* **TASK DETAILS**
Only the lines from the one containing "Women's Rash Guard - G1 BFinch" to the end of the entries should be written out, each exactly as it stands, both ends included.

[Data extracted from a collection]
═══

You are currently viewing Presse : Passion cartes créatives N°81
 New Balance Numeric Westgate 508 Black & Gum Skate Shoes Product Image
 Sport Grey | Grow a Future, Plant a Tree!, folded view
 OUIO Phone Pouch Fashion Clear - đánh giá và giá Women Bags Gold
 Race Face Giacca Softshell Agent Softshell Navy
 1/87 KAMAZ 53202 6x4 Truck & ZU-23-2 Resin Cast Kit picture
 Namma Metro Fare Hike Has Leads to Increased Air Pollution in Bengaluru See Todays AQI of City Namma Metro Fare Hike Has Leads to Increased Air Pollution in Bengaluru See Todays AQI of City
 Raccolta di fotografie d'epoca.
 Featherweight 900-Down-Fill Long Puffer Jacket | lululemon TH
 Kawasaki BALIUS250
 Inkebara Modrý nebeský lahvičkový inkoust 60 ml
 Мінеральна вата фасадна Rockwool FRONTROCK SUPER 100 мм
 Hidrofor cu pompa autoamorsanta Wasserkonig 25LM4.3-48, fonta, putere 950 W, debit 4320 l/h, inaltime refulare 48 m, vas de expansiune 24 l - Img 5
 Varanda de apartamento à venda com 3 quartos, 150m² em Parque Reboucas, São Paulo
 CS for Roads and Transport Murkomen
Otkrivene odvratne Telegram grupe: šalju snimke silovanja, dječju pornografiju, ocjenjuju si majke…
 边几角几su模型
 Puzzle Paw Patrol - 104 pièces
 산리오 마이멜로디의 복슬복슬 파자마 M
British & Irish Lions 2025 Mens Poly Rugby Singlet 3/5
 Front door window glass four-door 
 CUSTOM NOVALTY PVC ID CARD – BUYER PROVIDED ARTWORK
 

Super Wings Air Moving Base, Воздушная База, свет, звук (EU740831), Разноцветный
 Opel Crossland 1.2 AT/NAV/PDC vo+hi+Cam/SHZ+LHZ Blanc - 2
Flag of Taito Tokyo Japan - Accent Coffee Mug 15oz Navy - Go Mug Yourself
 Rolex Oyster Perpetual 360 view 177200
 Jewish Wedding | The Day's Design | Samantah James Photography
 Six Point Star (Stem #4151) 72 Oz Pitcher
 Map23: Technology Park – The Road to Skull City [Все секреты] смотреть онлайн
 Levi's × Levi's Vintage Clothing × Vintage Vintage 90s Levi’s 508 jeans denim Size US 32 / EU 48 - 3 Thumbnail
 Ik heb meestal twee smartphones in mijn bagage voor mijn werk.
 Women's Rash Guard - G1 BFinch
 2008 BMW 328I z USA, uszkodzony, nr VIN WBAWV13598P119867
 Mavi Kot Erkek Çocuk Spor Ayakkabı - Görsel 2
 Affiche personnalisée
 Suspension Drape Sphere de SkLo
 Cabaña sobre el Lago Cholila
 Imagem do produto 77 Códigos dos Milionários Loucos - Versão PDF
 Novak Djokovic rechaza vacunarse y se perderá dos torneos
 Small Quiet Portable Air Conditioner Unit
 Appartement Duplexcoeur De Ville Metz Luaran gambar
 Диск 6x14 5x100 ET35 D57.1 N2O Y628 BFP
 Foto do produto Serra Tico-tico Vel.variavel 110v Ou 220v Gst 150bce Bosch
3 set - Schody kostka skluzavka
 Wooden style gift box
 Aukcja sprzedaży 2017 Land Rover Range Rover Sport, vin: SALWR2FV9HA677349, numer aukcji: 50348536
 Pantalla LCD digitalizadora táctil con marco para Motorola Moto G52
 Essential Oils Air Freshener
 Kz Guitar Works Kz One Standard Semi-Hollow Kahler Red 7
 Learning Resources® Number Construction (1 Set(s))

═══

* **EXERCISE RESULT**
 Women's Rash Guard - G1 BFinch
 2008 BMW 328I z USA, uszkodzony, nr VIN WBAWV13598P119867
 Mavi Kot Erkek Çocuk Spor Ayakkabı - Görsel 2
 Affiche personnalisée
 Suspension Drape Sphere de SkLo
 Cabaña sobre el Lago Cholila
 Imagem do produto 77 Códigos dos Milionários Loucos - Versão PDF
 Novak Djokovic rechaza vacunarse y se perderá dos torneos
 Small Quiet Portable Air Conditioner Unit
 Appartement Duplexcoeur De Ville Metz Luaran gambar
 Диск 6x14 5x100 ET35 D57.1 N2O Y628 BFP
 Foto do produto Serra Tico-tico Vel.variavel 110v Ou 220v Gst 150bce Bosch
3 set - Schody kostka skluzavka
 Wooden style gift box
 Aukcja sprzedaży 2017 Land Rover Range Rover Sport, vin: SALWR2FV9HA677349, numer aukcji: 50348536
 Pantalla LCD digitalizadora táctil con marco para Motorola Moto G52
 Essential Oils Air Freshener
 Kz Guitar Works Kz One Standard Semi-Hollow Kahler Red 7
 Learning Resources® Number Construction (1 Set(s))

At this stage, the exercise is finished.